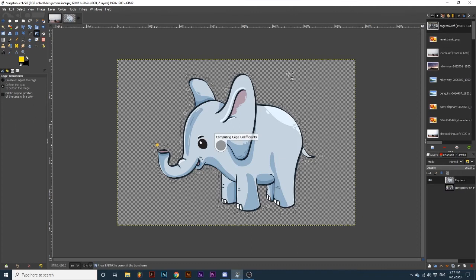Once I've closed my cage, Gimp will analyze the selection and move to the next option available for the tool, Deform the Cage to Deform the Image.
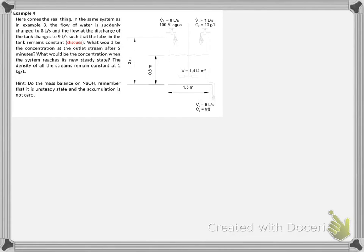Example 4. Here comes the real thing. In the same system as in example 3, the flow of water suddenly changed to 8 liters per second and the flow at the discharge of the tank changes to 9 liters per second, such that the level in the tank remains constant.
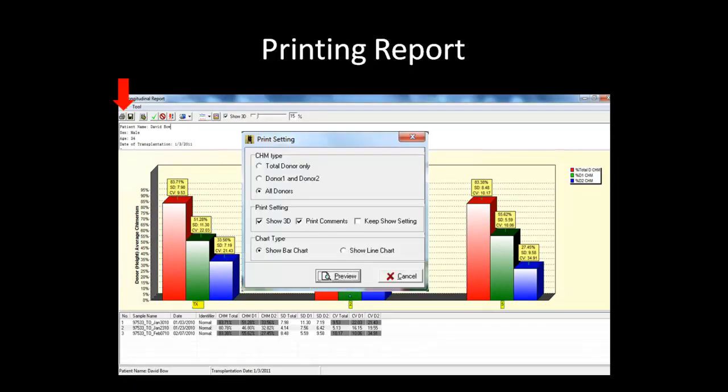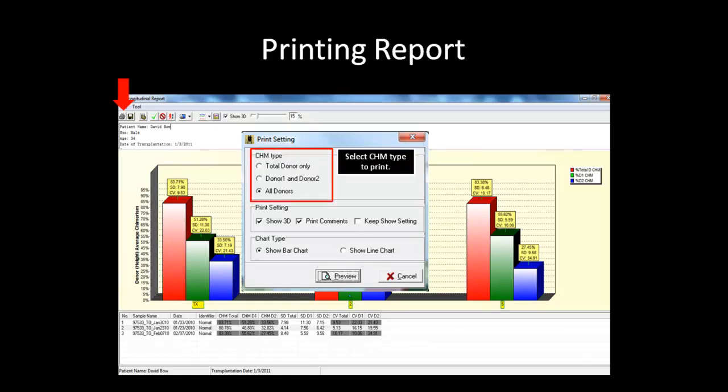By clicking on the print icon in the toolbar, the print dialog box will appear. For a double donor report, the option to print total donor only, D1 and D2, or all is available. In a single donor report, these options are not applicable. In the print settings, you can choose to print the graph in 3D along with comments. The Keep Show Setting option will print the graph as it appears in the main longitudinal window.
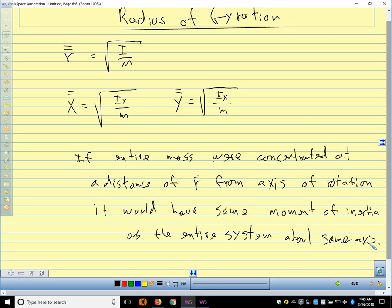For the second moment, a problem would say find I_x, I_y, and the radius of gyration — just like first-moment problems say find M_x, M_y, and the center of mass. The radius of gyration is the analog to the center of mass for rotating things. The overall radius would be √(x̄̄² + ȳ̄²), that magnitude.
::::
Starting from the line where "Example 4. Here" appears, copy every line through the end of the material, both ends included, but no pictures.

(Expected answer):
Example 4. Here comes the real thing. In the same system as in example 3, the flow of water suddenly changed to 8 liters per second and the flow at the discharge of the tank changes to 9 liters per second, such that the level in the tank remains constant.
By clicking on the print icon in the toolbar, the print dialog box will appear. For a double donor report, the option to print total donor only, D1 and D2, or all is available. In a single donor report, these options are not applicable. In the print settings, you can choose to print the graph in 3D along with comments. The Keep Show Setting option will print the graph as it appears in the main longitudinal window.
For the second moment, a problem would say find I_x, I_y, and the radius of gyration — just like first-moment problems say find M_x, M_y, and the center of mass. The radius of gyration is the analog to the center of mass for rotating things. The overall radius would be √(x̄̄² + ȳ̄²), that magnitude.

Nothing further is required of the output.